A échantillon négatif refers to a data point in apprentissage automatique that represents an instance of the class that the model is not trying to predict. In contrast to positive samples, which are instances of the target class, negative samples help in training models to distinguish between different classes effectively.
In classification tasks, especially classification binaire, the model is trained to recognize the positive class (also known as the target or positive sample) and differentiate it from negative samples. For example, if a model is being trained to identify cats in images, images that do not contain cats would be considered negative samples.

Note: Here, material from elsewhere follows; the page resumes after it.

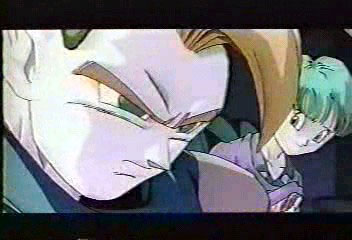 Otaku Gallery  / Anime e Manga / Dragon Ball / Screen Shots / OAV / Dragon Ball Z / 13 - L`Eroe del Pianeta Conuts / 304.jpg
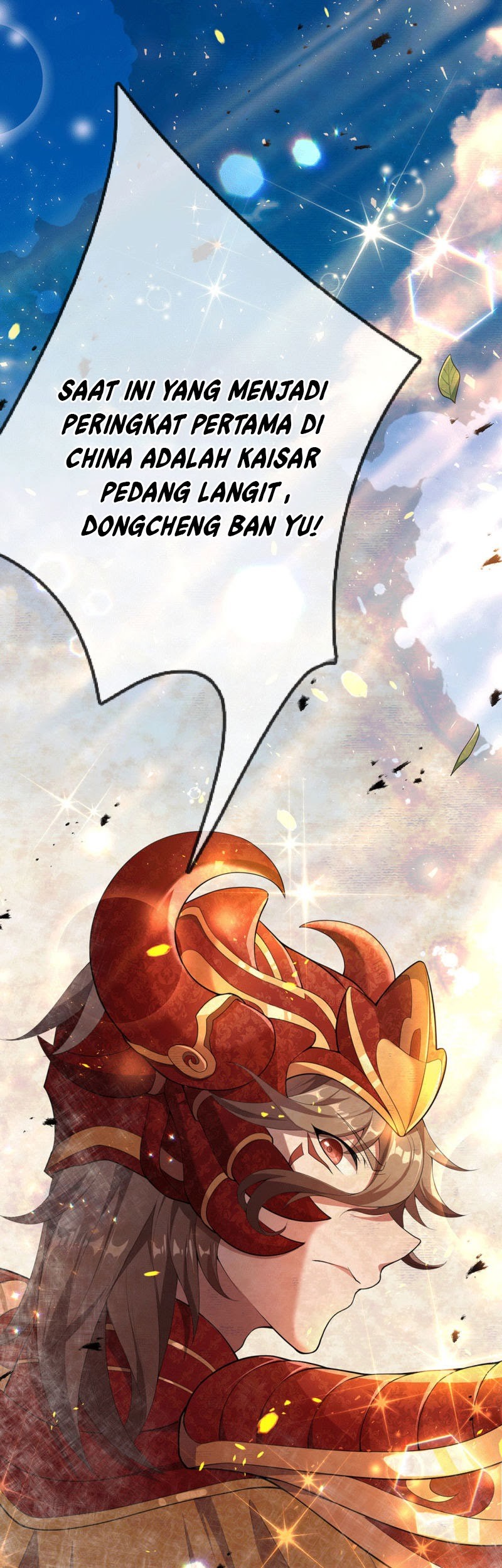 Violent Poisonous Archer Chapter 1 - halaman 64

Utilizing negative samples is essential for creating a robust and accurate model, as they help to minimize false positives—situations where the model incorrectly identifies an instance as belonging to the positive class. Including a diverse set of negative samples during training can enhance the model’s ability to generalize and perform well on unseen data.
Dans certains contextes, échantillonnage négatif techniques might be employed, where random negative samples are selected from a larger dataset to improve training efficiency. This approach is particularly useful in scenarios with jeux de données déséquilibrés, where the number of positive samples is significantly lower than the number of negative samples.
Dans l'ensemble, les échantillons négatifs jouent un rôle crucial dans l'orientation du processus d'apprentissage des modèles d'apprentissage automatique, en veillant à ce qu'ils puissent efficacement différencier entre des instances pertinentes et non pertinentes.